Challenge your kid with tasks that are doable. (His frustration level is your guide.)
I WIN, YOU LOSE––Encourage your child to focus on mastering the basics, not comparing himself to others. When the young player decides that the only goal is winning, he may lack motivation to learn the skills, strokes, shots and strategies.
A major cause of under-achieving is expectations—if they’re unreasonable the child suffers (and it’s hard to know where the bar should be placed).
It’s easy to be overly impressed with the kind of “talent” that you can see, but there are other “talents” that, in the long run, are more valuable––such as trying hard (it takes courage), being open to criticism, and acknowledging that you can fail (in a word, humility).
Bad habits are formed in the same way as good ones, so delay tournaments until technique is more or less developed.
GOOD JOB! GOOD JOB!––It might seem that constantly praising a child’s skills would boost his self-esteem, but this may lead to a hesitancy to attempt anything that might make him lose your inflated appraisal.
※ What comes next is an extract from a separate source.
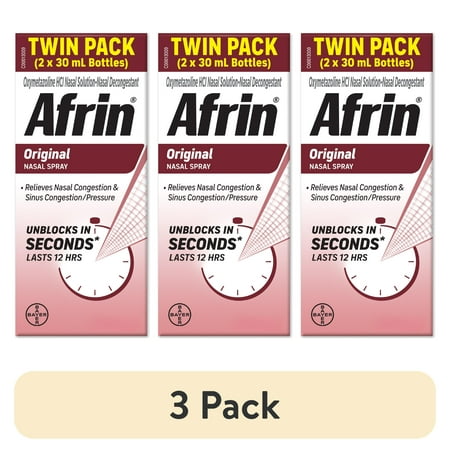 (3 pack) AFRIN ORIGINAL 12hr Nasal Spray 60ml (2x30ml)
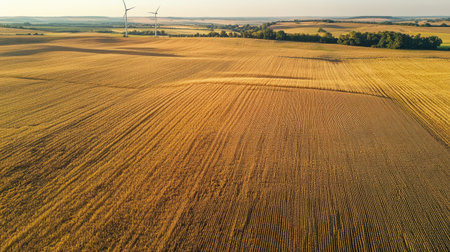 Wind turbines standing tall in a vast field of crops, with plenty of space for text or brandingの素材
Be careful not to excessively praise your child for what’s obviously a natural ability. If you insist on praise, make it be for things like effort and sticktoitiveness.
Particularly with young children, you don’t need to praise them at all; they know when they do well. By letting them come to this realization on their own, they learn to reinforce themselves.
The parent/teacher’s goal is to foster independence––not to answer as much as ask, and whenever possible, provide a good model. In the end (that really doesn’t), through trial and error, he develops a useful type of game-playing intelligence.
NOT SO MUCH––From my perspective, there’s a lot of too much too soon; this from parents who, wanting the best for their child, give it, but in excess. The abundance of opportunity
often stifles motivation (best he decides for himself).
Speaking of motivation, be careful not to reward (bribe) her for doing what’s expected––that, I see, leads nowhere.
Motivation, I know for certain, comes almost exclusively from competence.
OOPS!––The toddler takes his first steps, father beams, mother says, “Yaay, you did it!” Later, when he falls, father groans, mother scrambles to pick him up.
Think I need help from an expert on this one; I’m curious if embarrassment is a learned response. I do know, however, that kids become more self-conscious as they age; and I also know that some children just plod along, undeterred by their mistakes.
The question is, do children look to parents for cues on how to manage their emotions?
A well-meaning parent literally stands in front of his child, protecting him from anything he perceives to be harmful. His fear: that the child fails. But (occasional) failure is what’s needed to figure out how to get from here to there.
YOU DID IT WRONG!––Parent: “You know what your problem is?” Child: “Aaaugh!”
It’s not that criticism is bad; in fact, a timely critical comment may be just what’s needed to motivate; it’s just that it’s easier to find fault than perfection. And criticism is often taken personally—the child thinks you’re judging him, not his strokes or decision-making.
Your “analysis” is best received when you sandwich it between positive statements: Do it this way; don’t do it that way; do it this way.
The parent who hasn’t been through the tedious process of learning a complex set of lifetime skills (and performing them!) may see setbacks as permanent, whereas the coach sees them as temporary, as experience––like building blocks for future success.
Be advised that it’s the stubborn, head-strong type that thrives in tennis. If you have one of these, make sure you’re working with, not against him/her.
LET’S PLAY––It bears repeating: Kids love games. And they enjoy playing with their parents, especially when there’s no “parenting” going on. So try to zip it.